> **ABOUT THIS TASK**
Although the data holds pictures, return only the lines from the one containing "Search sales here." to the end, exactly, and without them.

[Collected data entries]
______________________________
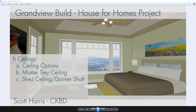That concludes the video on the Grandview Build House for Homes ceilings. We started with comparing a flat and a vaulted ceiling, using copy and paste camera between two option plans to preserve exact coordinates. Then we created a vaulted ceiling over the entryway, a tray ceiling inside the master, and finally a shed ceiling with a dormer shaft extended into the office. Thanks for watching.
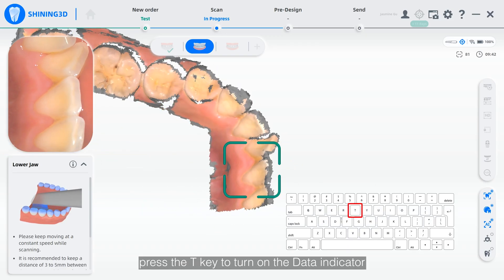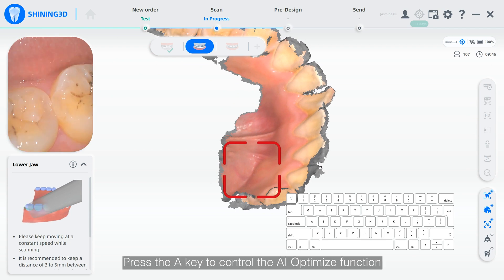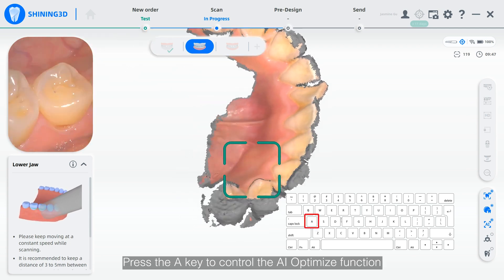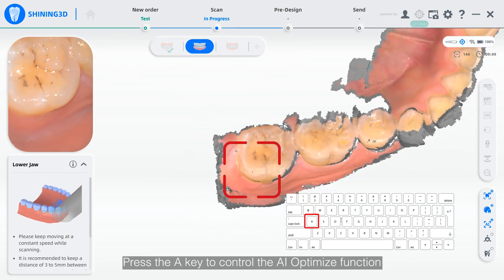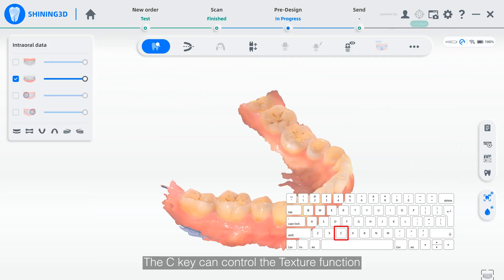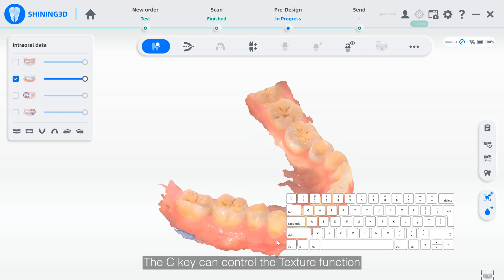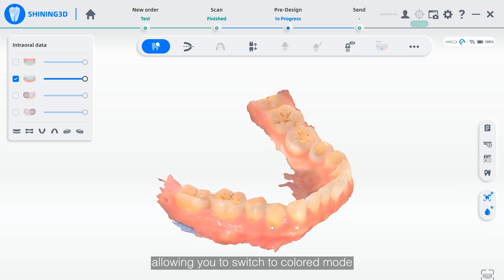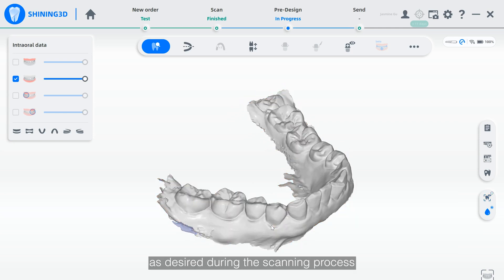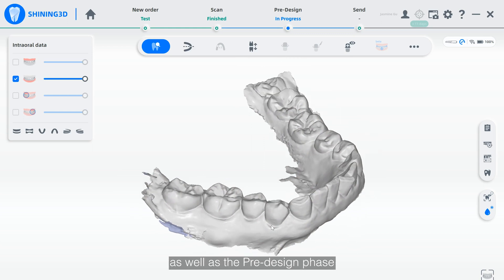During the scanning process, press the T key to turn on the data indicator. Press the A key to control the AI optimization function. The C key can control the texture function, allowing you to switch to a colored model as desired during the scanning process as well as the pre-design phase.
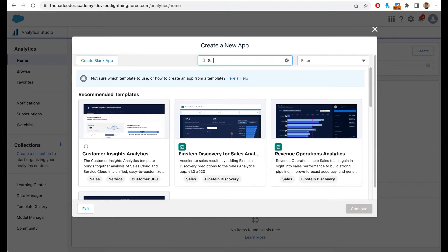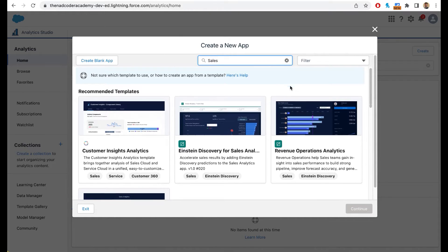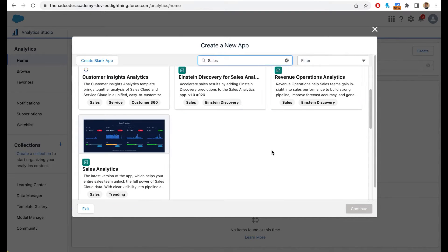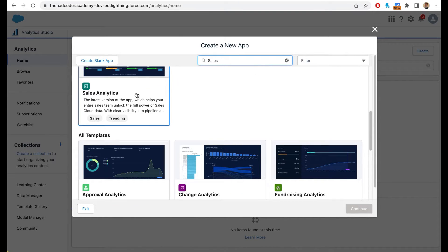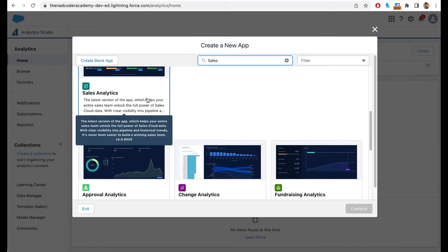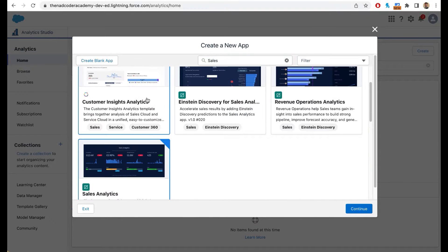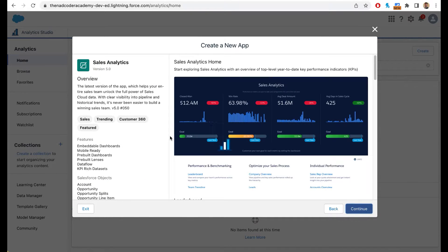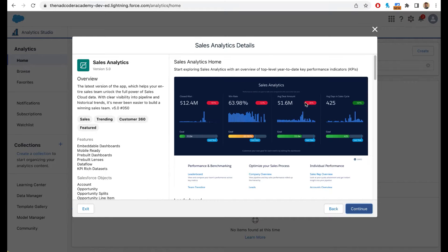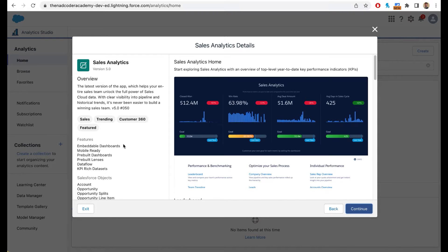Search sales here. And then the app that we are going to install is called the sales analytics app. So simply click on sales analytics app and click on continue. When you click on continue, Salesforce will give you a preview of everything that CRM analytics is going to create.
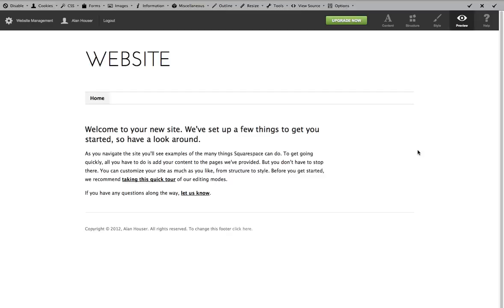Alright, so I'll show you really quickly how to make a custom login page. This is pretty simple, but it'll just take a little bit of tweaking in the template area.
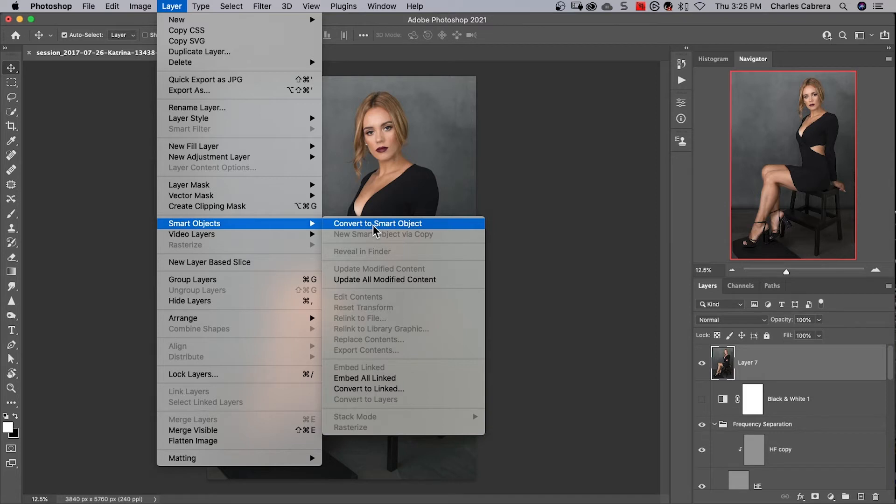Notice that this does not have a shortcut key. This is something that I would do a lot. Convert layers to smart objects. Let's see how we can make our own shortcut keys.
______________________________
> **TASK RESULT**
Search sales here. And then the app that we are going to install is called the sales analytics app. So simply click on sales analytics app and click on continue. When you click on continue, Salesforce will give you a preview of everything that CRM analytics is going to create.
Alright, so I'll show you really quickly how to make a custom login page. This is pretty simple, but it'll just take a little bit of tweaking in the template area.
Notice that this does not have a shortcut key. This is something that I would do a lot. Convert layers to smart objects. Let's see how we can make our own shortcut keys.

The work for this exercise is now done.